Question

The ammonia evolved from the treatment of \[0.30{\text{ }}g\]of an organic compound for the estimation of nitrogen was passed in \[100{\text{ }}ml\]of \[0.1{\text{ }}M\]sulphuric acid. The excess of acid required \[20{\text{ }}ml\]of \[0.5{\text{ }}M\]sodium hydroxide for complete neutralization. The organic compound is:
A.Acetamide
B.Benzamide
C.Urea
D.Thiourea

Answer 1

Hint: The question says estimation of nitrogen in an organic compound so for this question, one can use the kjeldahl method and its formula that is $\% $nitrogen$ = \dfrac{{1.4 \times N \times V}}{W}$. And also for calculating the percentage of nitrogen in the above options you can use the formula of mass percent composition: $Mass\% = \dfrac{{Mass}}{{Total{\text{ }}mass}} \times 100$

Complete answer:
Given in the question, weight of the organic compound$ = 0.30g$, molarity of sulphuric acid$ = 0.1M$, volume of sulphuric acid$ = 100{\text{ }}mL$, molarity of sodium hydroxide$ = 0.5M$, and volume of sodium hydroxide used$ = 20{\text{ }}mL$. We need to identify the organic compound that is undergoing the following treatment.
The question says that the organic compound is treated for the estimation of nitrogen and so we will calculate the percentage of nitrogen which will give us the compound.

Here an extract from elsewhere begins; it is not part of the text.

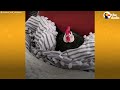 Rescue Rooster Sleeps In Bed And Wakes Up His Mom Every Morning | The Dodo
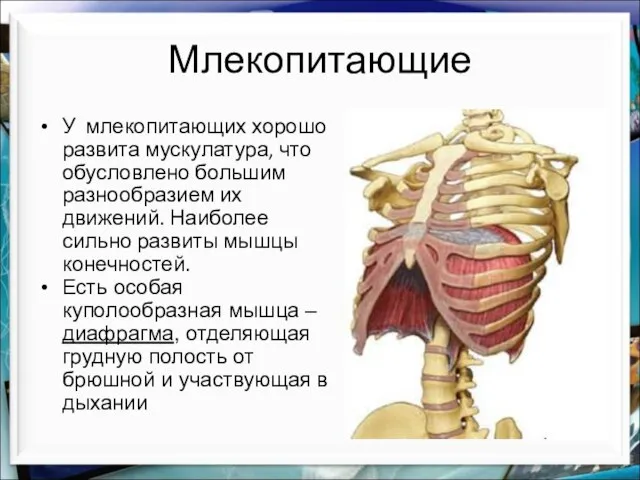 Млекопитающие У млекопитающих хорошо развита мускулатура, что обусловлено большим разнообразием их движений.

For this, we will use the Kjeldahl process.
Let us assume that the unreacted \[0.1{\text{ }}M{\text{ }}\left( {{\text{ }} = {\text{ }}0.2{\text{ }}N{\text{ }}} \right){\text{ }}{H_2}S{O_4}\; = {\text{ }}V'{\text{ }}ml\]
So, \[20{\text{ }}ml\]of \[0.5{\text{ }}M{\text{ }}NaOH = V'{\text{ }}ml{\text{ }}of{\text{ }}0.2{\text{ }}N{\text{ }}{H_2}S{O_4}\;\]
\[ \Rightarrow 20{\text{ }} \times {\text{ }}0.5{\text{ }} = {\text{ }}V'{\text{ }} \times {\text{ }}0.2\]
\[ \Rightarrow V'{\text{ }} = {\text{ }}50{\text{ }}ml\]
Thus used ${H_2}S{O_4} = 100 - 50$
$ = 50{\text{ }}mL$
Now for calculating the percentage of nitrogen we will use the formula:
$\% $nitrogen$ = \dfrac{{1.4 \times N \times V}}{W}$
Where ‘N’ is the normality of the acid used, ‘V’ is the volume of the acid used, and ‘W’ is the weight of the compound.
Here, $N = 0.2\,Normal$, $V = 50{\text{ }}mL$ and, $W = 0.30g$
Hence by substituting the values we get,
$\% $nitrogen$ = \dfrac{{1.4 \times N \times V}}{W}$
$ \Rightarrow \% {\text{ nitrogen = }}\dfrac{{1.4 \times 0.2 \times 50}}{{0.30}}$
$ \Rightarrow 46.67\% $
Thus, we get the percentage of nitrogen as $46.67\% $
Now to know the organic compound used we will find out the $\% $ of nitrogen in all the given options and then match our above value with those percentages. The value that matches the above percentage will be the answer. We will use the formula:
$Mass\% = \dfrac{{Mass}}{{Total{\text{ }}mass}} \times 100$
The percentage of nitrogen in acetamide$ = \dfrac{{Mass}}{{Total{\text{ }}mass}} \times 100$
\[ \Rightarrow \dfrac{{14}}{{59}} \times 100 = 23.73\% \]
The percentage of nitrogen in benzamide$ = \dfrac{{Mass}}{{Total{\text{ }}mass}} \times 100$
\[ \Rightarrow \dfrac{{14}}{{122}} \times 100 = 11.48\% \]
The percentage of nitrogen in urea $ = \dfrac{{Mass}}{{Total{\text{ }}mass}} \times 100$
\[ \Rightarrow \dfrac{{28}}{{59}} \times 100 = 46.67\% \]
The percentage of nitrogen in thiourea $ = \dfrac{{Mass}}{{Total{\text{ }}mass}} \times 100$
\[ \Rightarrow \dfrac{{28}}{{76}} \times 100 = 36.84\% \]
Thus by looking at the above answers we can clearly say that the organic compound is urea.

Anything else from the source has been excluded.